Comparisons of different groups of students with respect to mean scale scores, achievement-level percentages, percentiles, and student group percentages are of primary interest to users of NAEP results. The user needs to refer to the results of statistical tests, rather than the observed differences, before making any statement indicating that the differences observed in the sample(s) represent actual differences in the population(s). In this section, there is additional information on the statistical tests used in NAEP. A t test for independent groups is used to compare population means where there is no overlap in terms of sampled students representing these populations. A t test for partially overlapping groups is used when part-whole comparisons are being made (e.g., comparing a state to the nation).
By convention, the results in reports and online tools indicate that means, percentiles, or percentages from two groups are different (e.g., one group performed higher or lower than another group) only when the difference in the point estimates is statistically significant at an alpha level of .05.
Since 1998, t tests have been used for results disseminated through official NAEP reports.
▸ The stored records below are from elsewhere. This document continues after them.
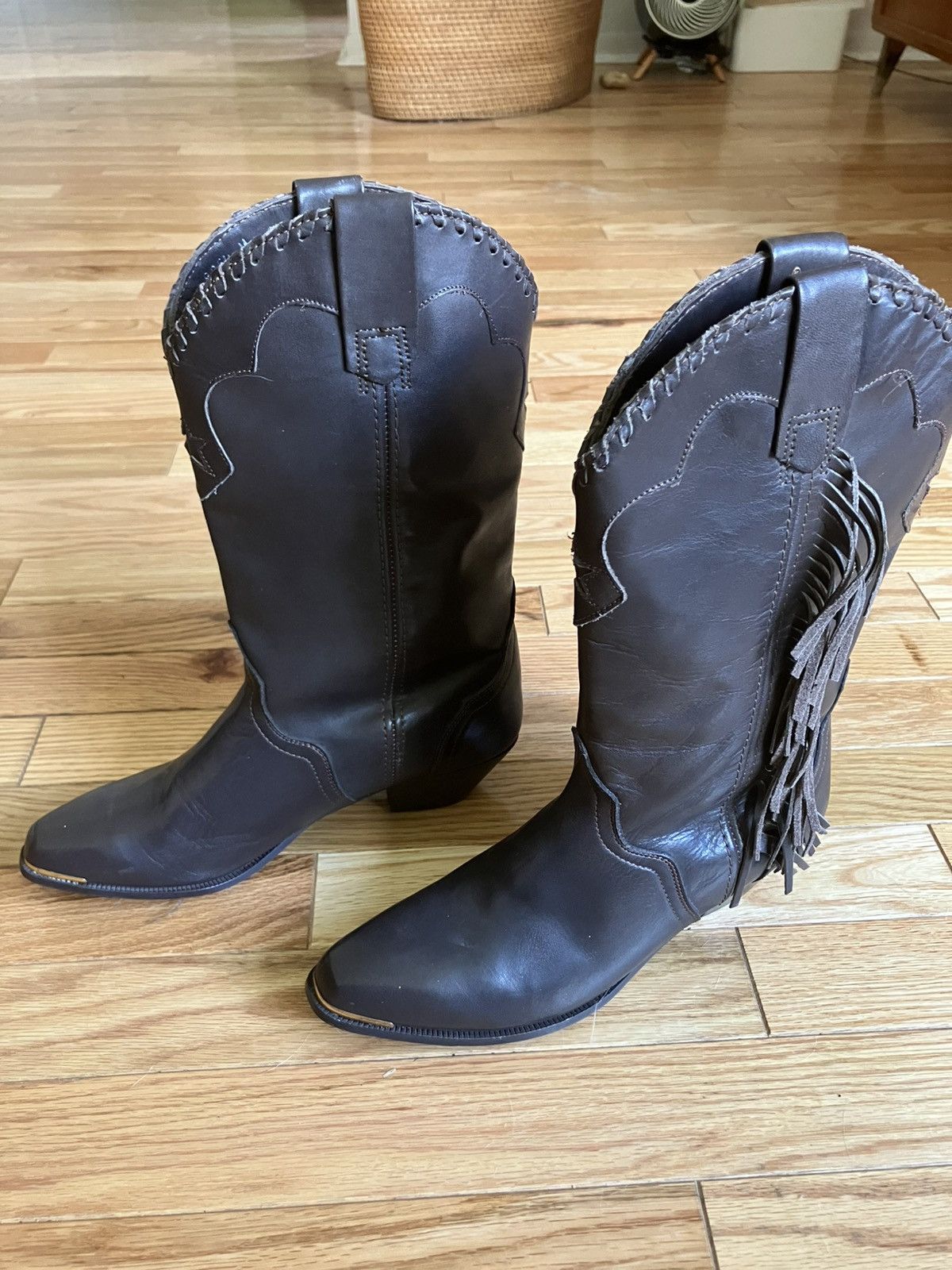 Other VTG Acne women’s cowboy boys with fringe sz 6 1/2 Size US 6.5 / IT 36.5 - 2 Thumbnail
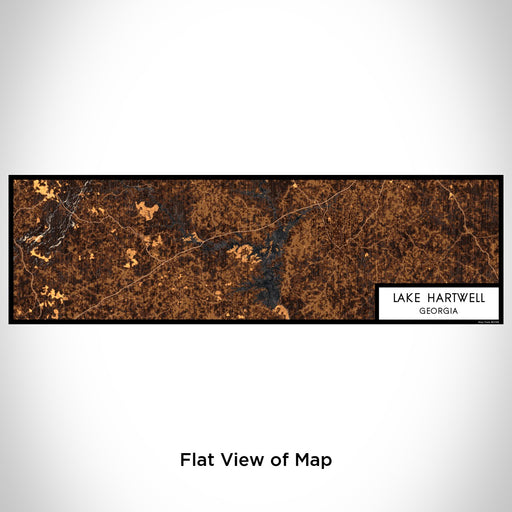 Flat View of Map Custom Lake Hartwell Georgia Map Enamel Mug in Ember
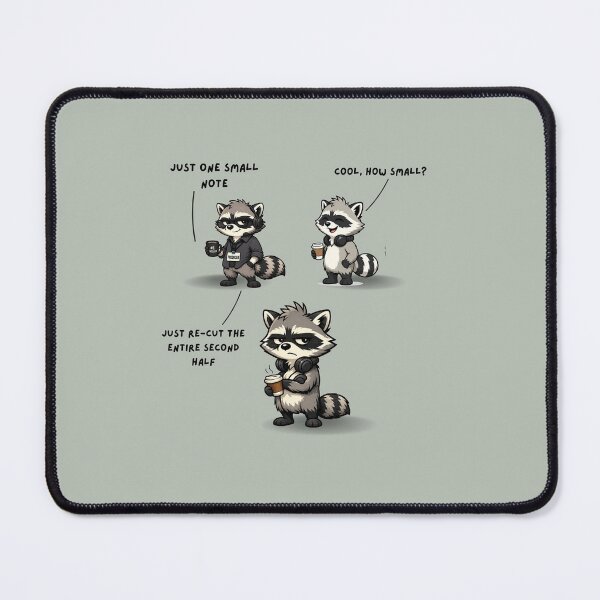 Item preview, Coffee, Notes & Deadlines / Editor Life Raccoon designed and sold by jkleditor.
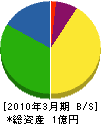 齊藤防水 貸借対照表 2010年3月期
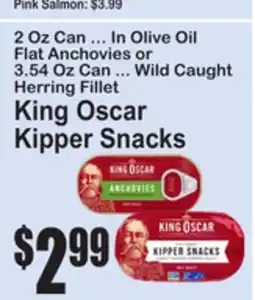 SuperFresh King Oscar Kipper Snacks offer
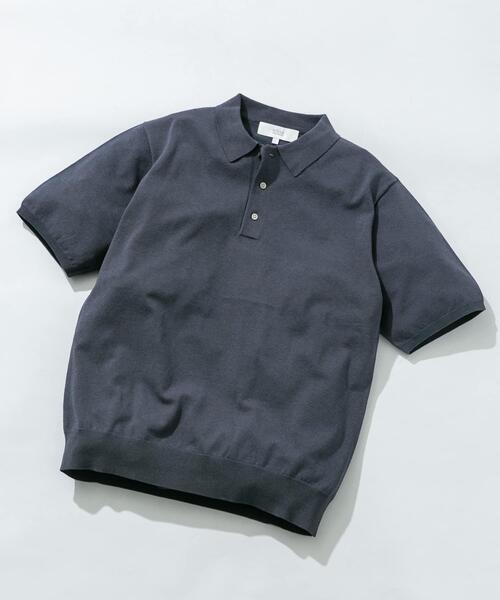 URBAN RESEARCH ROSSO MEN(アーバンリサーチロッソメン)の「『WEB限定』シルク混サマーニットポロシャツ(ポロシャツ・メンズ・グレー系その他/ブラウン/ブルー系その他・LARGE/MEDIUM)」の21枚目の写真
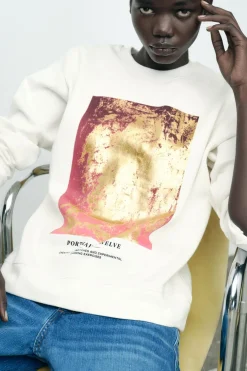 SUDADERA METALIZADA DELANTERO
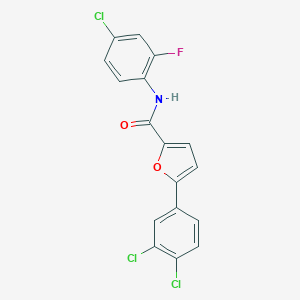 molecular formula C17H9Cl3FNO2 B313541 N-(4-chloro-2-fluorophenyl)-5-(3,4-dichlorophenyl)furan-2-carboxamide 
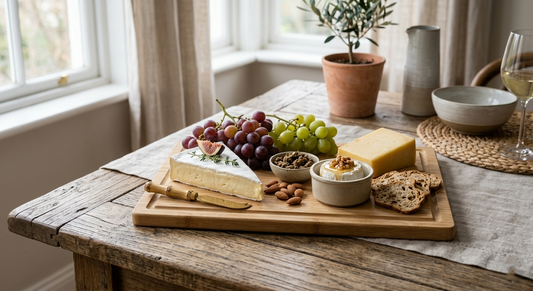 Premium Bamboo Cheese Board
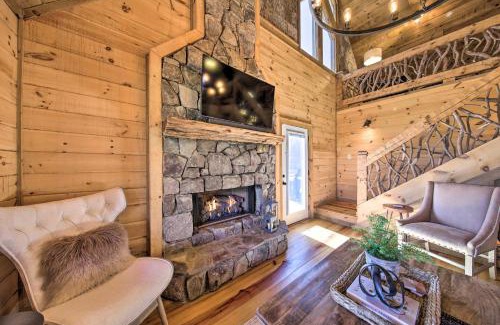 Morganton House | Stunning Escape with Loft, Hot Tub and Mtn Views!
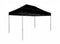 Opvouwbare Partytent 2×3 meter ALU frame zonder zijwanden in Zwart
These tests are appropriate when the statistics that are being compared are based on a sampling distribution which is not fairly normal. However, the degrees of freedom in that distribution need to be determined to define the exact shape of the student t-distribution. The degrees of freedom often refer to the total number of independently variable elements in the sample. In NAEP, determining the number of independently variable elements is not straightforward; therefore, the number is estimated.